On one side are permitted experiences; on the other, experiences we ache for and dream of. How many times do thoughts of sex push us to the precipice? We tremble, we’re afraid, we dare not take another step. We’re even scared of looking around to see clearly. Lust may be a kind of poison that destroys our lives. But the minute you understand that life by its nature, is going to end anyway, the poison turns from a dangerous temptation to the promise of rebirth. ” These words could explain her extremist behavior—-drawing with her naked body, dancing naked in front of her friends, and making love with different guys with friends watching.
This group of intellectuals just chose to follow the suit. In the crazy world they were venting their confusion, frustration and desperation. “After the fall of the city, with everything lost, the only thing that I have , that belongs to me, is myself. Why is it that women are ones who give permission? And why do they think it is they who will lose something?

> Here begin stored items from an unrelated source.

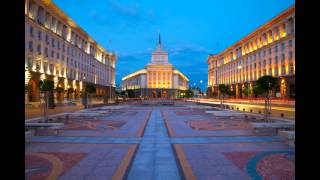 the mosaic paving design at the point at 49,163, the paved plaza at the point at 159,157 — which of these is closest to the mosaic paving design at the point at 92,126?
the paved plaza at the point at 159,157

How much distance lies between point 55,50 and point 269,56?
177 feet

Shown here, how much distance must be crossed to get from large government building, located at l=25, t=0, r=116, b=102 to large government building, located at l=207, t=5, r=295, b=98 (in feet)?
132

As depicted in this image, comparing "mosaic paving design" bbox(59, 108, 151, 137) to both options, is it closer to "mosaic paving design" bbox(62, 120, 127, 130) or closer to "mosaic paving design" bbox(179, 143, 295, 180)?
"mosaic paving design" bbox(62, 120, 127, 130)

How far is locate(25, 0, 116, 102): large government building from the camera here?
161ft

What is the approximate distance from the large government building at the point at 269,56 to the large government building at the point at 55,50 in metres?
40.3

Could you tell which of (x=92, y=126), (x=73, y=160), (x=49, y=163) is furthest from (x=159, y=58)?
(x=49, y=163)

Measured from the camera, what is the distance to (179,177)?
7031 mm

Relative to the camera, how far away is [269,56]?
73.8m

Men are the ones who really lose out. ” Lin Ying thought. Sexual freedoms and erotic liberation seem to be only freedoms left to her, but these, too, may lead to betrayal. Li Jiangjiang ran away from the astonishing spot.
He would never have believed that Lin Ying would be reduced to this. Their parting this way was unexpected, and every time her parting with her men was unexpected. When I read the lines that she walked naked into the paddy wagon with handcuffs around her wrists, I feel grievous. She was actually representative of generations at that time. She could have led a happy life in a different circumstance for she was talented, ambitious and thoughtful. Her awareness of being a confident and self-independent female, against the background of Disturbance, distorted into a huge mess.
She must find her bearings on her own. This book could be read as a semi-autobiography of the author Hong Ying, who has experienced the bloody Disturbance in 1989 and so had a close understanding about what has gone through those students’ minds. Hong Ying changes her point of view in narration between the third person and the first person, trying to strike a balance between objectivity and subjectivity, which I think is very successful. However, there is something that I can’t agree with in this translation version—- too much foreignization.
Let me take some examples: “to be promoted was harder than for one of the three thousand beauties of the harem palace to be selected for the emperor’s favors. ” ”So long as the mountains stay green, you won’t have to worry about firewood. ” “the only different being that so many people had learned to sweep the snow only in front of their own doors. ” As the English version is directed towards Westerners who probably don’t have much idea about Chinese allusions, and the purpose of the translation is to inform, domestication is what I recommend.